I think when he started walking away from where God called him he was probably saying some other stuff too. «You know, this is really hard, I’m really tired, and I want to die. I mean, I saw God do great things on Mount Carmel, and I do believe there’s hope now that God has sent the rain». With every step he took, rehearsing the wrong story, it reinforced how big his enemy was, how intense his loneliness felt, and it diminished what God had done. That’s exactly what Jezebel intended with her threat. This is what the Devil does too. If he can get you to rehearse the wrong story, you will literally think it’s true by the time you get to the cave, and then you cave. You don’t have the strength to stand. You’re not weak; you’re weary. With every step he took by himself without talking to the God who brought him this far, the Devil was able to delete different things that could have been in his story. It said Ahab told Jezebel everything Elijah had done, and that’s why she threatened him.

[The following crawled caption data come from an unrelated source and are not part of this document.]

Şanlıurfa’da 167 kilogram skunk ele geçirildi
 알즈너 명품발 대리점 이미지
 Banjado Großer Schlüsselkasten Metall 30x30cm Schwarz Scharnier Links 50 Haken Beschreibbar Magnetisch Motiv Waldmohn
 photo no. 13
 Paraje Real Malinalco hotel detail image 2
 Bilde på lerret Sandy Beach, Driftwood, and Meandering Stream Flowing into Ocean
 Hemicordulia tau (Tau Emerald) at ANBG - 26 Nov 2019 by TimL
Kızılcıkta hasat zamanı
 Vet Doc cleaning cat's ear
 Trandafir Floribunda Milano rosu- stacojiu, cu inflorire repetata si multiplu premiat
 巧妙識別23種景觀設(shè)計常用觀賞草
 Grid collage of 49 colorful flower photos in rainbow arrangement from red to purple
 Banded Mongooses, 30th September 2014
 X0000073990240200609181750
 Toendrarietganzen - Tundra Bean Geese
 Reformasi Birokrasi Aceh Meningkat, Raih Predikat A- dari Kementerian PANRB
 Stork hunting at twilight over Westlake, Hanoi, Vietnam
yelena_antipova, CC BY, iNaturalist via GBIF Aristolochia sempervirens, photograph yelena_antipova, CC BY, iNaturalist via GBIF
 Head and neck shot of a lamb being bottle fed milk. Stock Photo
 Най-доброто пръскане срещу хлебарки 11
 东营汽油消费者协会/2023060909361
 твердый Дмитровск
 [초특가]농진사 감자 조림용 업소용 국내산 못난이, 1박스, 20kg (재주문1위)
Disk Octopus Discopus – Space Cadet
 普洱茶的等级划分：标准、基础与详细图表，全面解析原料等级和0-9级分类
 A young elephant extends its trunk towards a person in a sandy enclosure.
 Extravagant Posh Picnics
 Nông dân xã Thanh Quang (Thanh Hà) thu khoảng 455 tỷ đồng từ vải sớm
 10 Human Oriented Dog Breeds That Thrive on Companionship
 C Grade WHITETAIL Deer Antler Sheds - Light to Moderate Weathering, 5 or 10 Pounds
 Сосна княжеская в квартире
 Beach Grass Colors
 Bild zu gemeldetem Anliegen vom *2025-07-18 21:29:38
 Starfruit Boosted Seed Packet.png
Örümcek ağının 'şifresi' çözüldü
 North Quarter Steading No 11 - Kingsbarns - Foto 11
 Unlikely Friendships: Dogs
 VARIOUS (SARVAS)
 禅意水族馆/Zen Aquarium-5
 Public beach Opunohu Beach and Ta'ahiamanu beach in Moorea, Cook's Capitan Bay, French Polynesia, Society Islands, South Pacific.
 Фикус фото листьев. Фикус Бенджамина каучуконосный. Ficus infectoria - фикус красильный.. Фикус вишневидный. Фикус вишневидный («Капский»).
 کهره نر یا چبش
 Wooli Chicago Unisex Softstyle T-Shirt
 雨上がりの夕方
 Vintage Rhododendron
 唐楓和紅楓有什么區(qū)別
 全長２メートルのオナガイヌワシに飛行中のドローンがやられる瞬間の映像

Ahab goes home and tells Jezebel, «This dude… Don’t mess with this dude. You’d better do something about him. He’s going to yank your whole idol-worshiping kingdom out of your hands. He’s going to send you back packing to Phoenicia. This dude is crazy. He had them cutting up bulls. This dude told them to take water in a drought, four jars of water, pour the water on the wood three times, and then called for fire. This is not exactly a strategic mastermind, but he is a spiritual giant. He was wetting wood and praying for fire». That’s what Ahab said. His enemy was doing a better job telling his story than he was. I mean, Ahab wouldn’t shut up. He told Jezebel everything Elijah had done. He didn’t leave out any details. «And then he got the bulls, then he started taunting them, and then he was like, 'Hey, maybe you should call louder. Maybe Baal is in the bathroom.'»
He told everything Elijah had done. He told how Elijah had told him, in chapter 18, where he said, «There’s a cloud the size of a man’s hand,» then his servant said, «I don’t see anything,» and Elijah said, «Well, the problem isn’t with God’s word; it’s with your eyes. Go look again». He sent that poor servant… Remember when I had you running up and down the stairs one time preaching this passage? I sent him back and forth seven times, the most cardio he had ever done in his life. I sent him back and forth and talked about the frustration of faith. He told Jezebel all that…Ahab did. The Enemy did, because the Enemy is a better storyteller than most of God’s children. He’ll tell you stories… Here’s how good he is. He will just make up stuff that might happen, and then he will emphasize the hypothetical as you forget the historical.
All Elijah really had to do was give the Devil a history lesson. All Elijah really had to do to stop himself from going in the wrong direction, from sinking into the depths of despair and saying, «I’m suicidal. I don’t want to live. I don’t want to do this. They’re trying to kill me…» All he had to do while he was walking was stop for one moment and tell the story like it really happened. «I thought I was the only one, but my God is Yahweh. I stood on that mountain all alone. I called down fire. I wet that wood, and God came through. I went to the brook called Cherith, and the birds brought me food. I went to the widow’s house, and I multiplied her oil». Why do you keep deleting all the stuff God did and adding stuff the Enemy might do and running from your purpose?